The COMTRAC-HIV project is being developed at the Goethe University and the University Hospital Frankfurt in an interdisciplinary manner in the areas of infectiology, general medicine, health services research, economics, medical informatics and digitization. According to the project application, the aim is to merge digitization potential, medical expertise and applied science. Validating the research results as part of the funding in order to subsequently implement a company spin-off opens up a new strategic field of action for the university hospital and new career prospects for the researchers.
The funding of spin-offs from science via Distr@l makes it possible to validate current research results scientifically and transfer them to application over a period of two years. The hope of strengthening the technology location and creating highly qualified jobs in the region is linked to the deep-tech start-ups that will arise after the project period. Eight spin-offs at Hessian universities are currently being funded via Distr@l with a funding volume of around 5 million euros. The founding team with up to five people and 1 million euros is eligible for funding.

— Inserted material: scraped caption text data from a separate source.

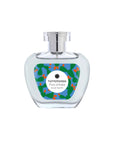 Tuttotondo - Fico d’India - Eau de toilette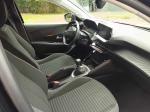 peugeot-208-1-2-puretech-2021-gasolina-1199cc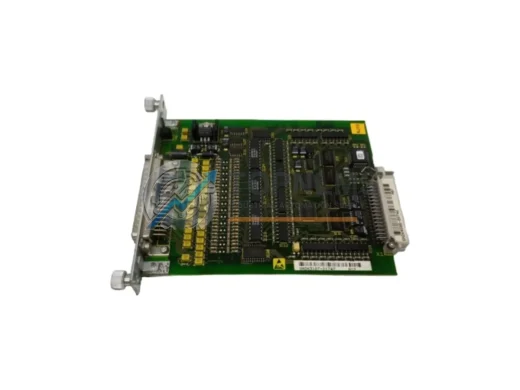Bosch Rexroth DEA-4.2 industrial automation spare part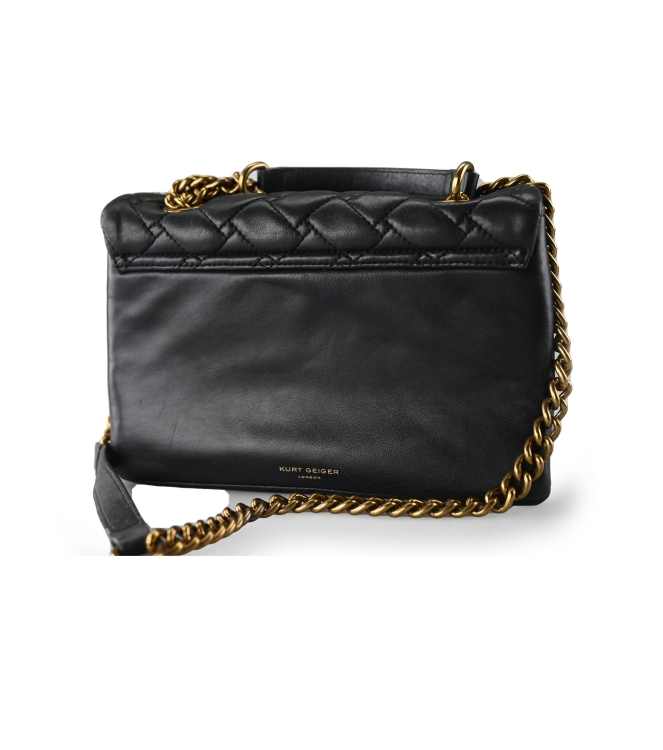 Kurt Geiger Tas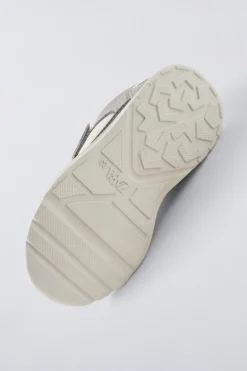 Niños ZARA 1½ - 6 Años·Zapatos|1½ - 6 Años·Zapatos<ZAPATILLA DEPORTIVA SOFT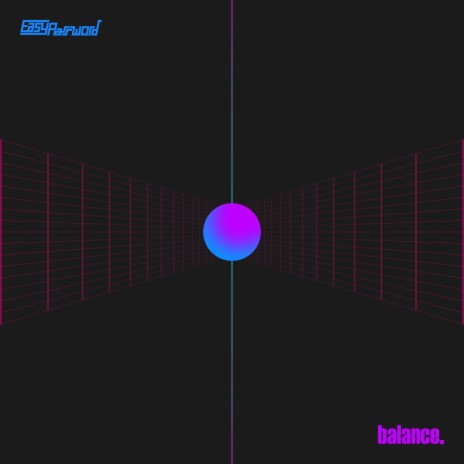 Balance | Boomplay Music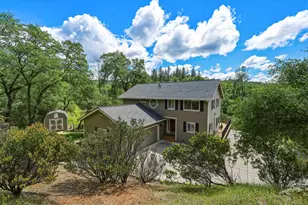 1181 Old Rock Bridge Rd, Placerville, CA 95667 - Photo 77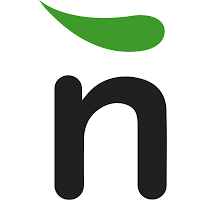 Logo Norlandia Care AB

Digital health applications are approved by the Federal Institute for Drugs and Medical Devices (BfArM) under strict conditions of validity and security standards, data protection, interoperability and applicability. This is to ensure that the DiGA generates a verifiable benefit for the patients. Five projects from the health economy and research are already being funded via Distr@l, which are developing a health app and are aiming for approval as DiGA at the BfArM. The funding makes an important contribution to the field of action “Innovative further development of digital health” in the Digital Hessen strategy.
The “COMTRAC HIV” project is funded via the Distr@l funding line 4A. The funding program Distr@l – strengthen digitization, live transfer started at the end of 2019 and is running very successfully. So far, 81 projects with a funding volume of around 25 million euros have already been approved. A sign of the high level of innovation in Hessen in the field of digitization and digital transformation.